34_X_Winter-Reportage 2012 08

Lange vor den ersten heftigen Schneefällen wappnen sich die Straßenmeistereien. Die Lager sind voll mit Salz, ohne das bei Minusgraden und plötzlichem Schneefall nichts mehr geht auf unseren Straßen. Eines darf diese Jahreszeit mit allen ihren unliebsamen Auswirkungen auch für die Männer auf den schweren Räumfahrzeugen nicht sein: ein Schrecken, dem sie letztendlich das Feld – in diesem Falle die Straße – überlassen dürfen.

Timo Schneider, der Mann auf dem schweren Räumfahrzeug, hat es gleich mit zwei weiblichen Gegenspielerinnen aufzunehmen an diesem frühen Morgen. Tief „Iris“ und „Frau Holle“ bestimmen das Geschehen an diesem Tag auf dem Hochwald. Als wir auf dem Bauhof der Straßenmeisterei zu Timo „auf den Bock“ steigen, hat gerade wieder starker Schneefall eingesetzt. Etwa 5–6 Tonnen reines Salz, dazu noch einmal geschätzte 2.200 Liter Feuchtsalz hat Timo geladen. Einmal unterwegs, sehen wir das Display eines Monitors im Führerhaus, der uns einen Blick auf den rotierenden Teller am Heck des Fahrzeugs erlaubt.

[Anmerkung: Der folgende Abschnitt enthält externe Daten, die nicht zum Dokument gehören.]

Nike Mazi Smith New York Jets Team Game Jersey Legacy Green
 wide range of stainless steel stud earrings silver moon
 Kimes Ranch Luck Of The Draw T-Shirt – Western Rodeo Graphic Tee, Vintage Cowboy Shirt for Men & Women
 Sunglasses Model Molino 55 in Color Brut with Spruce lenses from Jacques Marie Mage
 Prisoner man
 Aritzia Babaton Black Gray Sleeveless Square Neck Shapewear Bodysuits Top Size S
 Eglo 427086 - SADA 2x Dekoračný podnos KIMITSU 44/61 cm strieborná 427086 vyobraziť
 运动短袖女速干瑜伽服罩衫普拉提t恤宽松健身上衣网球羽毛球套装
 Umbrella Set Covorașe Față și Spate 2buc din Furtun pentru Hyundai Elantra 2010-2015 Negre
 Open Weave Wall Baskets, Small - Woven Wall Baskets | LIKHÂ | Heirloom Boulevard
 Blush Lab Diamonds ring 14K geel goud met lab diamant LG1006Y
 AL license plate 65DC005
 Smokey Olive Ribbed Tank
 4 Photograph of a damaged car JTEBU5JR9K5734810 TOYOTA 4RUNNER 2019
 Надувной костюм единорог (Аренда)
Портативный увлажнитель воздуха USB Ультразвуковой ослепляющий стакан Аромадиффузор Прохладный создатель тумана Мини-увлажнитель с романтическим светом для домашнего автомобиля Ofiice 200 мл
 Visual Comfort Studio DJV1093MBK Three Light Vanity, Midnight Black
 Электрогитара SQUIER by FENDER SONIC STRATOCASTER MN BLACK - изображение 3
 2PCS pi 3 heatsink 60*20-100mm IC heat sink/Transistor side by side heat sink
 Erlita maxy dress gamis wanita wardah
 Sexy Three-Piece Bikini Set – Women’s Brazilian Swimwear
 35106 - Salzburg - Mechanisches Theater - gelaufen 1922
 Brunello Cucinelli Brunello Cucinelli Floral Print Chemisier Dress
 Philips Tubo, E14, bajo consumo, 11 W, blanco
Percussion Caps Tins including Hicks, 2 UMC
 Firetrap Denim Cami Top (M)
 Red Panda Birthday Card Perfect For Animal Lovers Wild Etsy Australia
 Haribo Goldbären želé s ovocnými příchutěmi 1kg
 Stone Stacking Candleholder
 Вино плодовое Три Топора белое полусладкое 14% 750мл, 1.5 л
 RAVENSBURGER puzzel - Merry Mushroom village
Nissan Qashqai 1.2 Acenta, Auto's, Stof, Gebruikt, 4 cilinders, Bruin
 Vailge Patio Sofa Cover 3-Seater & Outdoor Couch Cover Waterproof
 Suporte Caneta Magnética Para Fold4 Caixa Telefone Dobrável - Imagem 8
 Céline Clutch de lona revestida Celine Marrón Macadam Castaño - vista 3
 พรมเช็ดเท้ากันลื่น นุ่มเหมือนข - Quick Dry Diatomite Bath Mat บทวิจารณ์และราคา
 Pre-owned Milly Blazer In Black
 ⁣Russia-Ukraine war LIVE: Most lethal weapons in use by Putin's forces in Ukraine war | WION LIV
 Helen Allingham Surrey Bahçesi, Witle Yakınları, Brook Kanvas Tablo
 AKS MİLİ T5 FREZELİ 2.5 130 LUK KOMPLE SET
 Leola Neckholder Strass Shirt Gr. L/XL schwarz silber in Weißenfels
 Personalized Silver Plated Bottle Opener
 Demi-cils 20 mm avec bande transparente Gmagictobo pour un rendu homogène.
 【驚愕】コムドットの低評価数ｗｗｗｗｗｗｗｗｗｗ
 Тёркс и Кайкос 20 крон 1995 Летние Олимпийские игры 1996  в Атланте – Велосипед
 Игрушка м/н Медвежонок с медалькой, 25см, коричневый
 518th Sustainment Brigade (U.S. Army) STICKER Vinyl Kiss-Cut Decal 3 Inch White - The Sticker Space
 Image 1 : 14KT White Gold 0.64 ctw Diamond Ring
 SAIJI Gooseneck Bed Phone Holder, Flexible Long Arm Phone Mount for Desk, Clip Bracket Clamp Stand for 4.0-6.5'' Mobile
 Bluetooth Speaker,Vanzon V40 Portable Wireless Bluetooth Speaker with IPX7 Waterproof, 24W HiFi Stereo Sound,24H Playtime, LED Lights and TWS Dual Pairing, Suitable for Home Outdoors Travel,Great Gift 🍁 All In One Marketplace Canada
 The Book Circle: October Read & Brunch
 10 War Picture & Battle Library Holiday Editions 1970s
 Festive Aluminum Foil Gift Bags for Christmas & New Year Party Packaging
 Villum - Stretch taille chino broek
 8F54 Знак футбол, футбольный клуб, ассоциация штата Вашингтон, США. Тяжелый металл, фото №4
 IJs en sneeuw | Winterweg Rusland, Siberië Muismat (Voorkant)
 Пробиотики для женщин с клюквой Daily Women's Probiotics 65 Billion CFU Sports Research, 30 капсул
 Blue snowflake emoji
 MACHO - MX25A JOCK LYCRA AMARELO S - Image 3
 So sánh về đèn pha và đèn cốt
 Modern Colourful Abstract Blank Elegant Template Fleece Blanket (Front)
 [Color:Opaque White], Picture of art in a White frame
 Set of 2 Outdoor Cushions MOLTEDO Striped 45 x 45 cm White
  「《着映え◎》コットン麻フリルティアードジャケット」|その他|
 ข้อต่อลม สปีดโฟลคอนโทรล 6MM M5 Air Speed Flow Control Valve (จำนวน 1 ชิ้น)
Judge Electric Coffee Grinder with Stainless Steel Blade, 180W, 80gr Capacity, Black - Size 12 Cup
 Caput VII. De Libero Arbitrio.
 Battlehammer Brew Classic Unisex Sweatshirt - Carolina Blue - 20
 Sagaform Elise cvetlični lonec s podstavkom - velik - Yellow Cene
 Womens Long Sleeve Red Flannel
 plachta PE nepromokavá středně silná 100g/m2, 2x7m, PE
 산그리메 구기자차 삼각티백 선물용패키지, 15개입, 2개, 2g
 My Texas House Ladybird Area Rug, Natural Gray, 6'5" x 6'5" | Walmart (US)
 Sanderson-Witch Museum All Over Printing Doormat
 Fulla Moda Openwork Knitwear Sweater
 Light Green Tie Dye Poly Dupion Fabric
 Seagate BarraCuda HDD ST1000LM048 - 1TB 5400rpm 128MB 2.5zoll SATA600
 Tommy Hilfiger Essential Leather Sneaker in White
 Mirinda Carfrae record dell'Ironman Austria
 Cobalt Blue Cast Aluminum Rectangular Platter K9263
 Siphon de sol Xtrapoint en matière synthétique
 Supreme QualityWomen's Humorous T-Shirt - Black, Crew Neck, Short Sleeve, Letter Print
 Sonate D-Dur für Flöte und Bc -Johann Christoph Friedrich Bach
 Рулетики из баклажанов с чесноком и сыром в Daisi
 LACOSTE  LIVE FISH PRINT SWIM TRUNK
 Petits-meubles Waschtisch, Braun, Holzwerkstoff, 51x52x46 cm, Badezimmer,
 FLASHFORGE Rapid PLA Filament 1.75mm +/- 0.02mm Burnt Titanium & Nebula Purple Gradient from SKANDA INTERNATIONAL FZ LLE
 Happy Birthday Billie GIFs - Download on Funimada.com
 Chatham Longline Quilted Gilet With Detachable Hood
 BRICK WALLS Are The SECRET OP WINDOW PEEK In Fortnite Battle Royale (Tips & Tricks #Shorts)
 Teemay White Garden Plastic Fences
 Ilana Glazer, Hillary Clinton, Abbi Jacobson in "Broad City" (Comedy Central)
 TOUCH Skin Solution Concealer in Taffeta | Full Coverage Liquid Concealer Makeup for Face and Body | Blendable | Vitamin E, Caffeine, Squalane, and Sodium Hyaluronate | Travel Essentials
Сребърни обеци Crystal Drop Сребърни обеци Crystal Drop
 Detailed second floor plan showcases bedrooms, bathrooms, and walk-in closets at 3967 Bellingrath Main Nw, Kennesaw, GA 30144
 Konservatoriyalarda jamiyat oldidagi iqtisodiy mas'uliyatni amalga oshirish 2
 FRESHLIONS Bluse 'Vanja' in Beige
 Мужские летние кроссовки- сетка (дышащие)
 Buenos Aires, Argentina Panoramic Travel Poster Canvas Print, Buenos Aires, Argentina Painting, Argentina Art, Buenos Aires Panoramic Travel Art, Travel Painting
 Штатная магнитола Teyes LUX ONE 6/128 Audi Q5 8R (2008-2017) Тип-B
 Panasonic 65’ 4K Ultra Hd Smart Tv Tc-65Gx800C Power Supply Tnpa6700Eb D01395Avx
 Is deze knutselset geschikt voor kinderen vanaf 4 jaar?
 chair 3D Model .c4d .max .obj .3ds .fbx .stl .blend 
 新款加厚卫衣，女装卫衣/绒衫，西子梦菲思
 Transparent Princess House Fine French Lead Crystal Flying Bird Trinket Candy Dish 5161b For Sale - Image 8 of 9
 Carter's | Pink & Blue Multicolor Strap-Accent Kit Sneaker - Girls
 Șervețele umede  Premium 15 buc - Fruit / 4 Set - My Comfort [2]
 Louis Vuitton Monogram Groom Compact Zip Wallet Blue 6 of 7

Timos 314 PS starker MAN ist zwar noch nicht – wie mittlerweile einige Fahrzeuge im Bundesgebiet – mit GPS ausgerüstet, ein halbes High-Tech-Gerät ist der „Straßendampfer“ mit dem mächtig mahlenden Diesel-Triebwerk unter der Haube indes schon. Drei bis fünf Stunden, je nach Witterung und Straßenbeschaffenheit, kann der 37-Jährige mit dieser Ladung dem Winter auf den Pelz rücken. Kann die Streumenge, das Streubild, beeinflussen. Erfahrung, Fingerspitzengefühl, vor allem aber „Routine, Ruhe und Gelassenheit“, wie er selbst sagt, braucht man für die Arbeit am Lenkrad eines Räumfahrzeugs. Vor uns poltert monoton der Schneepflug. Timos Augen sind überall. Vor dem Auto, in den beiden mächtigen Seitenspiegeln und auf dem Display der Rückfahrkamera: „Da kann ich mit den Seitenspiegeln nicht hinsehen, die Kamera ist wichtig für mich und meine Kollegen.“

Direkt hinter ihm tauchen mitunter ein paar Unverbesserliche auf, für die der Schneepflug mehr Hindernis als Helfer ist. „Es gibt schon waghalsige Überholmanöver. Manchmal versuchen sogar einige, rechts vorbei zu fahren, wenn ich auf einer doppelspurigen Straße räume. Man muss mit Allem rechnen.“

Als Timo heute Morgen anfing, war es noch dunkel. Heute Abend, wenn er wieder nach Hause kommt, wird es wieder dunkel sein. Neben ihm in einer schweren, schwarzen Tasche die Tagesration: Eine Thermoskanne Kaffee, Brot, Obst. Was man halt so braucht an einem langen Tag unterwegs. Timo ist Einzelkämpfer am Pflug. Dennoch: Monoton ist es nicht. An einer glatten Steigung ist ein Aufleger ins Schlingern und Rutschen gekommen. Von oben kriecht uns bei starkem Schneefall eine lange Kolonne von Fahrzeugen entgegen. Vorneweg ein Linienbus. Langsam schieben wir uns polternd nach oben, an dem schlingernden Aufleger vorbei. Der Bus wartet, bis wir vorbei sind. Die beiden Fahrer, jeder für sich ein „Kapitän der Landstraße“, grüßen sich. Verständnis untereinander.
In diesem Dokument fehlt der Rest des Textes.